Clemence is forced to use all the strength she possesses not to text Naomi.
Even though it really wouldn’t be so disloyal as Jillian is making out.
No, instead she’d be trying to understand how Jillian could do something so out of character.
If she could talk about it with Naomi, she’d be able (maybe?) to hash out some sense of it, to put the broken pieces of her perceptions back together into something recognizable, but instead she’s on her own.
Poor Jeremy. As accommodating as Jillian is rigid, but if things work out, this will be the reason why—in addition to Jillian’s fundamental goodness.
Clemence and Toad were never very compatible anyway, beyond how well they photographed together, complementary at first glance, but that was only superficial.
Clemence doesn’t miss her husband at all, and she hopes—that initial heartbreak aside—he will come to feel the same.
Being lonely together was lonelier than being on her own.
Which she knows for a fact now, four months into this new adventure.
Clemence has not yet worn out her own company entirely.
She can eat an egg with a tiny spoon, and nobody asks her any questions, and she can go to bed early, or stay up very late.
She can sleep in the nude, and walk around all morning draped in a bedsheet.

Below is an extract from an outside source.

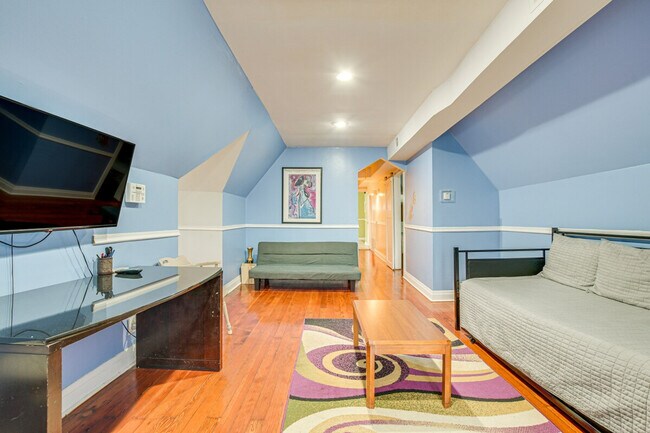 Foto del edificio - 5138 S Wabash Ave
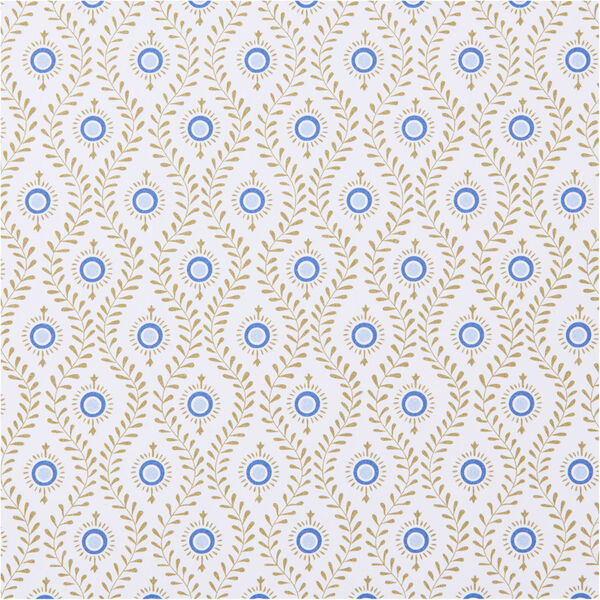 Paper Napkin 12,5x12,5cm Lulu Topaz 50pcs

She can measure the hours by the church bells, and never attend another service, instead sitting out on her balcony, feeling autumn’s chill setting in, rereading The Republic of Love, a novel she’s read a thousand times, and nobody’s going to make a snide remark.
Clemence realizes her main aversion to the cataloguing system at the bookstore is that those had been Toad’s distinctions, too, between frothy women’s books and literature that was worth one’s while.

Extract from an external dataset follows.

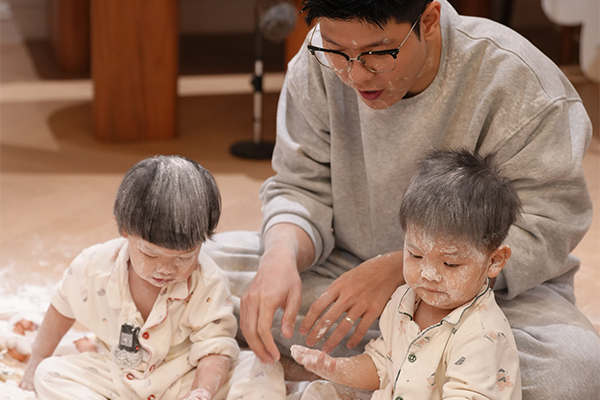 BTV Mạnh Cường   - Ảnh 3.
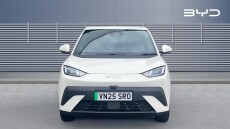 BYD Dolphin Surf 65kW Boost 43kWh 5dr Auto Electric Hatchback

Although he tended to read mostly non-fiction, anyway, and then would fail to finish those books.
A copy of Guns, Germs, and Steel had been sitting on his bedside as long as she’d known him.
Worthwhile in itself—Clemence read it. She has never gotten over the chapter about the impossibility of domesticating the zebra.
Because certainly people have tried. But zebras are stubborn creatures, and prone to biting, digging in their teeth, and refusing to let go.